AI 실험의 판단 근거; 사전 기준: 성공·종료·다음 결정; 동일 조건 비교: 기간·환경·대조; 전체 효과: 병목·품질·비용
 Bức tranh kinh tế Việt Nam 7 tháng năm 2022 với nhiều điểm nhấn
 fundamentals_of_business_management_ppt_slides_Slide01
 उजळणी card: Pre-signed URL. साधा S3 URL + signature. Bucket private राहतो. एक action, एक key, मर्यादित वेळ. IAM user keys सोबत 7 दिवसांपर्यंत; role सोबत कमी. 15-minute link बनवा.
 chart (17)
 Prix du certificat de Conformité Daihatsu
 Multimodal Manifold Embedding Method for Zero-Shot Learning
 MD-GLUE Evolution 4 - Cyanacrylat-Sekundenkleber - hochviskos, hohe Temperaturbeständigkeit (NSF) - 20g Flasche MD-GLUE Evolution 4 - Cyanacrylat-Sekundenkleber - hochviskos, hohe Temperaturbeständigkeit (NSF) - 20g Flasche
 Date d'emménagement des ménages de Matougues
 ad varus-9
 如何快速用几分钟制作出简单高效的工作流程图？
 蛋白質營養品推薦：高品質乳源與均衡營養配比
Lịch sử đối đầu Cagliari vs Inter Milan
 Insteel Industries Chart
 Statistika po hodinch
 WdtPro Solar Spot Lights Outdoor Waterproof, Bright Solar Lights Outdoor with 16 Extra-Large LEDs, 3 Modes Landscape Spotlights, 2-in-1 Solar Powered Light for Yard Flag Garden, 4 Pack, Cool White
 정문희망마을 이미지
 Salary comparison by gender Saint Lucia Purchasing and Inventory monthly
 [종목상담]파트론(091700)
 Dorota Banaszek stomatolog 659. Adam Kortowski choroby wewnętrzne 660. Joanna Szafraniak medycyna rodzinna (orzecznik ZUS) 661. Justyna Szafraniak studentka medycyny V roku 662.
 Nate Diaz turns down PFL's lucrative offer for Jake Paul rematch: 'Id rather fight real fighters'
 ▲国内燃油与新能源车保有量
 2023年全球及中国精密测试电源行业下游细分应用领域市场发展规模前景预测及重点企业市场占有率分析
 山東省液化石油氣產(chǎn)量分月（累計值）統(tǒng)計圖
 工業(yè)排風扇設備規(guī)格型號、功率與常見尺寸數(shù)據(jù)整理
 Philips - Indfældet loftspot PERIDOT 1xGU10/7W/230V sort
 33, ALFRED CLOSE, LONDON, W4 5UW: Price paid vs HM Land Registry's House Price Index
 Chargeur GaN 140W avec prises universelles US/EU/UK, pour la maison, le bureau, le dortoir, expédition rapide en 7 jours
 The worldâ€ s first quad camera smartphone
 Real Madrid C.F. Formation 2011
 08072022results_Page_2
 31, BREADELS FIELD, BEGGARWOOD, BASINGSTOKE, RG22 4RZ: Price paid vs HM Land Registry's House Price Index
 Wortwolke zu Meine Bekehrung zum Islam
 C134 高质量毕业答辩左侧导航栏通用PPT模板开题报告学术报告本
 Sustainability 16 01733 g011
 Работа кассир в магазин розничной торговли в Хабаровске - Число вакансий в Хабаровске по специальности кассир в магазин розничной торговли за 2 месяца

════════════════════

Check each line above for the word "Price", and copy the lines where it appears.

 33, ALFRED CLOSE, LONDON, W4 5UW: Price paid vs HM Land Registry's House Price Index
 31, BREADELS FIELD, BEGGARWOOD, BASINGSTOKE, RG22 4RZ: Price paid vs HM Land Registry's House Price Index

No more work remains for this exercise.